Playback function of a recording

The icon matching fast forward in the open-source font Font Awesome

To fast-forward is to move forwards through a recording at a speed faster than that at which it would usually be played, for example two times or two point five times. The recordings are usually audio, video or computer data. It is colloquially known as 'f-forwarding'. On media control symbols, such as player buttons and interfaces, the function is commonly represented by two solid arrows pointing right and these typical icons were correctly recognised by 75% of a sample of European consumers. This symbol is represented in Unicode as .

== Usage in audio ==

A VHS tape and player mechanism, showing the tape path in different modes.

To reach a certain portion of a song, a person may fast-forward through a cassette tape by pressing a button (often labeled "Fast Forward" itself) on the tape deck containing the tape.
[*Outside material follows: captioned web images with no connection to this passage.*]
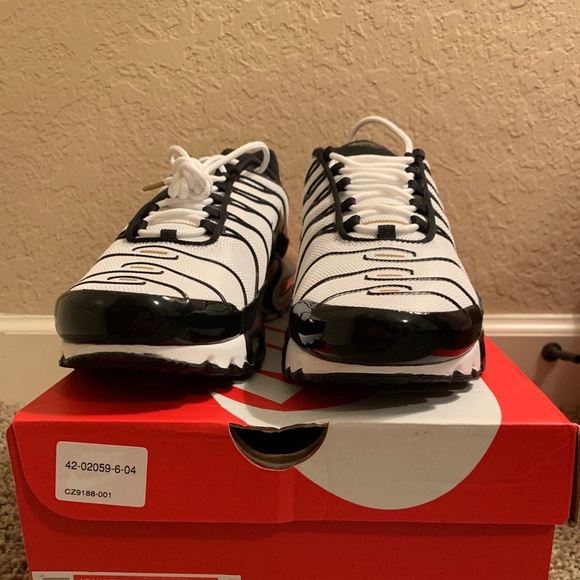 Nike Air Max Plus White Black Metallic Gold - Picture 2 of 6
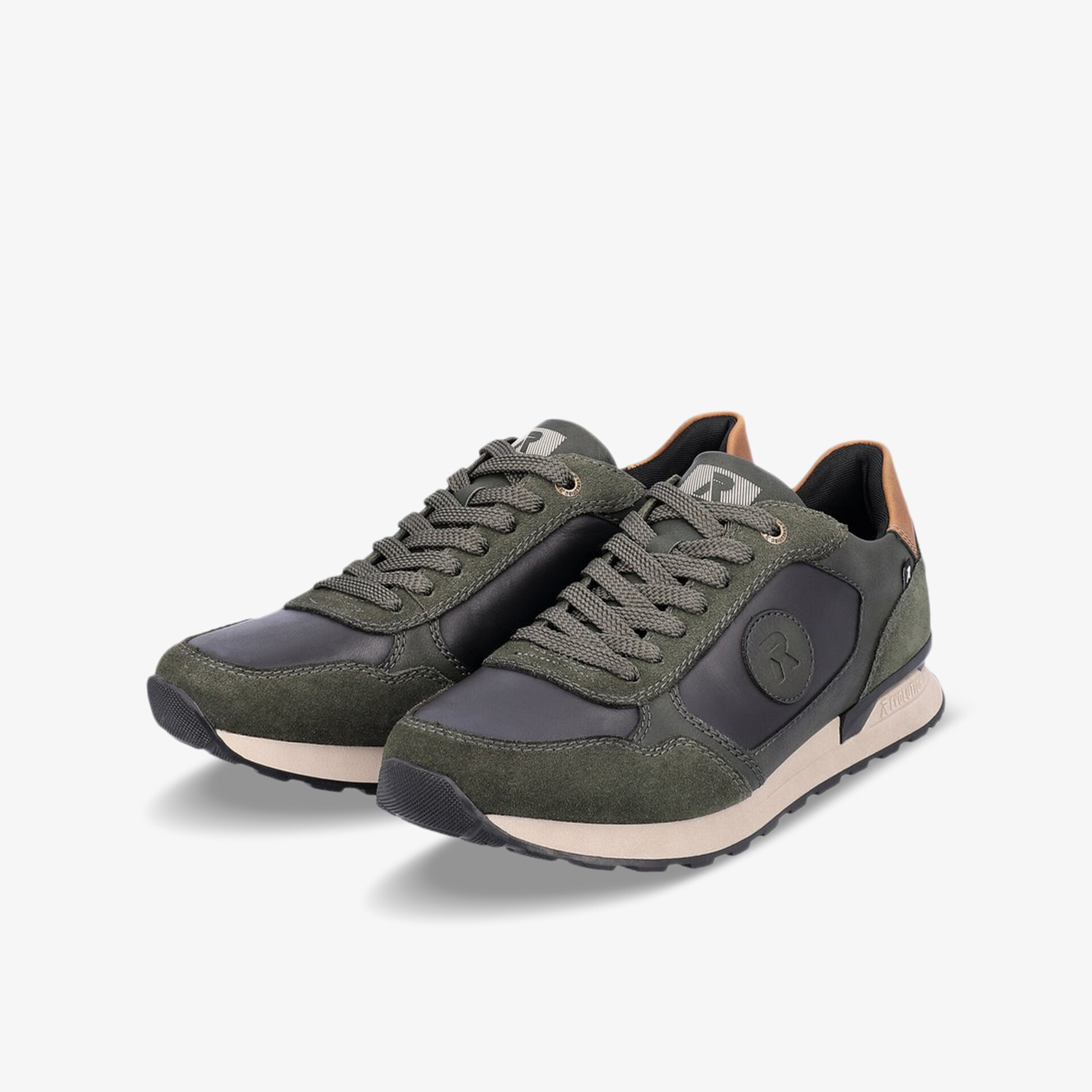 Stylischer Sneaker in Dunkelgrün und Schwarz mit bequemer Passform und modernem Design.
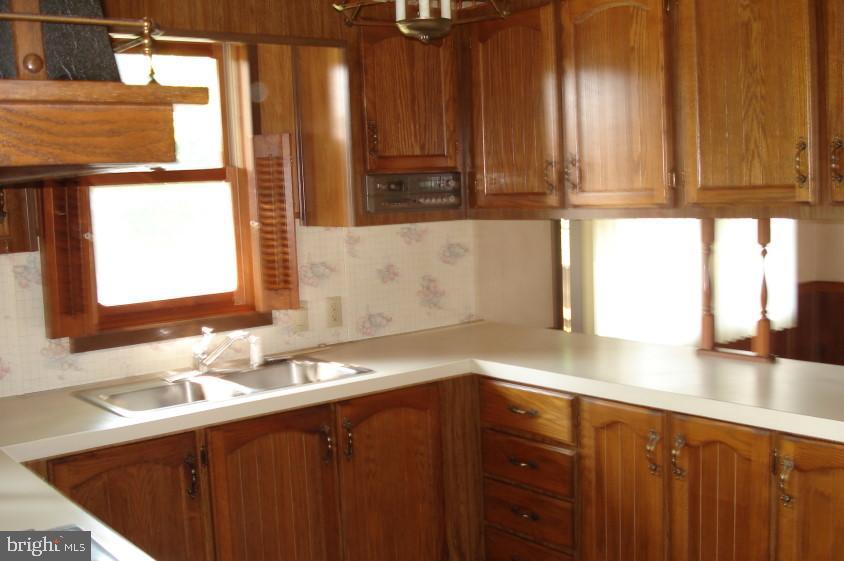 282 South Reading Road Ephrata, PA 17522 - Photo 5 of 16 Gallery Image 5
The tape deck's motor activates at a speed higher than usual—for example, double the standard 1+7/8 in/s playing speed of the 1/8 in cassette tape—and can be stopped by the end of the tape, the pressing of a "Stop" button on the deck (or another button mechanism disengaging the button), or simply lifting a finger from the "Fast Forward" button.

Fast-forwarding is the exact opposite of rewinding, in which tape, music, etc., are moved backward at a user's discretion. In either operation, because of sound distortion, volume is usually muted or severely reduced.
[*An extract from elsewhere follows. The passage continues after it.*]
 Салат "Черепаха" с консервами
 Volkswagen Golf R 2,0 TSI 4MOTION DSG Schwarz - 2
With the advent of inexpensive digital music media, fast-forwarding has most likely lost its past meaning related to the speed of a tape deck motor (or record turntable, or another device allowing fast-forwarding) and now may, especially as cassette tapes and other analogue media are used less and less by younger generations, only apply to the operation of moving ahead in a recording's time frame—accomplished today by simple clicking, dragging a slide image, or even via speech-recognition software. (Still, some CD and DVD players offer tape-style fast-forwarding, so that the user can detect when the destination is reached and stop.)

== Usage in video ==
Analogue VCRs provided fast-forward by simply playing the tape faster. The resulting loss of synchronization of the video was accepted because it was still possible to make out approximately what was happening in the video to find the desired playback point. Modern digital video systems such as DVR and Video on Demand systems use 'trick mode' to present an apparently faster stream by only displaying selected frames.
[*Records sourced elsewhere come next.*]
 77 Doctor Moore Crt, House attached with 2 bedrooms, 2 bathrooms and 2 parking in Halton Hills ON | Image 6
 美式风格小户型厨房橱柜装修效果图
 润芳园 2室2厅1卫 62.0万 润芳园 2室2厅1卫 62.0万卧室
Unlike analogue video streams in which only serial access is possible, digital video allows for random access to the media, which raises the possibility of alternative fast forwarding algorithms and visualizations. In video streaming formats, such as H.264, fast forward algorithms use the I-frames to sample the video at faster than normal speed. In streaming videos, fast-forward represents a useful search or browsing mechanism, but introduces extra network overhead when non-I-frames are transmitted in addition to the viewed I-frames and extra computational complexity in the video transcoder. Finding more network bandwidth-conserving and computationally efficient algorithms for accommodating both fast-forward and normal speed viewing is an active area of research.

When fast-forwarding is used as a search mechanism (sometimes called a fast-forward video surrogate) in video libraries, the question arises as to what is perceptually the best fast-forward strategy for effective browsing. The main trade-off is between the fast-forward speed and the ability to understand the video. One study concluded that a 1:64 ratio surrogate (that is, show one frame out of every 64) allowed most participants to perform adequately on a range of tasks related to video understanding.

==Metaphorical uses==
Fast-forwarding videotapes and similar media is familiar enough for metaphorical uses to develop, e.g. "The court doesn't want to know about your aunt's bad hip. Fast-forward to when the fight started."